Hij kwam binnen met ontstekingen aan de gewrichten van zijn handen, een zweertje aan zijn penis en klachten aan zijn longen. Aan zijn huid was op dat moment niks te zien. We deden allerlei onderzoeken, maar wisten niet meteen wat hij had. Hij kreeg ontstekingsremmende pijnstillers en ging na en paar dagen weer naar huis.”

Strakke huid

“Een halfjaar later kwam hij terug met opgezette, stijve handen en voeten. De huid van de handen, voeten, onderarmen en onderbenen was verdikt en verstrakt. Hij was hard achteruitgegaan en kon de joysticks van zijn sloopkraan niet meer bedienen. Eten en drinken ging moeilijk, omdat zijn maagdarmstelsel niet goed werkte. Hij was afgevallen en spiermassa kwijtgeraakt en had totaal geen energie.

Met deze symptomen kon ik gerichter bloedonderzoek doen en stelde ik de diagnose systemische sclerose. Bij deze ziekte leiden ontstekingen tot verbindweefseling van de huid, gewrichten, spieren en organen. Patiënten hebben bijna altijd last van een strakke, harde huid. En van verkleuring van de vingers: het fenomeen van Raynaud. De verminderde doorbloeding leidt vaak tot wondjes aan de uiteinden: vingers, tenen, penis, oren en neus.

Al zijn klachten vielen op z’n plek. Het had een halfjaar geduurd voordat ik de diagnose had gesteld. In dat halfjaar tijd was deze stoere bouwvakker met tattoos die fulltime werkte, veranderd in iemand die bijna niks meer kon.”

Rolstoel

“Ik gaf hem meteen medicijnen die verbindweefseling tegengaan, maar hij bleef achteruitgaan. Kwam hij eerst nog lopend mijn kamer binnen, zes weken later bracht zijn vrouw hem in een rolstoel.

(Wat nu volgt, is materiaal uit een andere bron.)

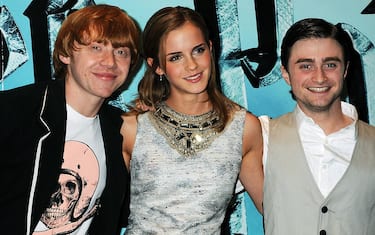 LONDON, ENGLAND - JULY 06:  (EMBARGOED FOR PUBLICATION IN UK TABLOID NEWSPAPERS UNTIL 48 HOURS AFTER CREATE DATE AND TIME)  (L-R) Rupert Grint, Emma Watson and Daniel Radcliffe pose during the photocall of 'Harry Potter and the Half-Blood Prince', at Claridge's Hotel on July 6, 2009 in London, England.  (Photo by Dave M. Benett/Getty Images)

De huidverstrakking was alleen maar verder toegenomen. Ik ging over op behandeloptie twee: elke maand chemotherapie via een infuus.

De chemotherapie hielp ook niet. Hij ging iets minder hard achteruit, maar na het derde infuus lag hij 20 van 24 uur in bed. Door de verdikte huid was zelfs zijn gezicht veranderd. Ik vond het heftig om te zien dat het zo snel slechter met hem ging.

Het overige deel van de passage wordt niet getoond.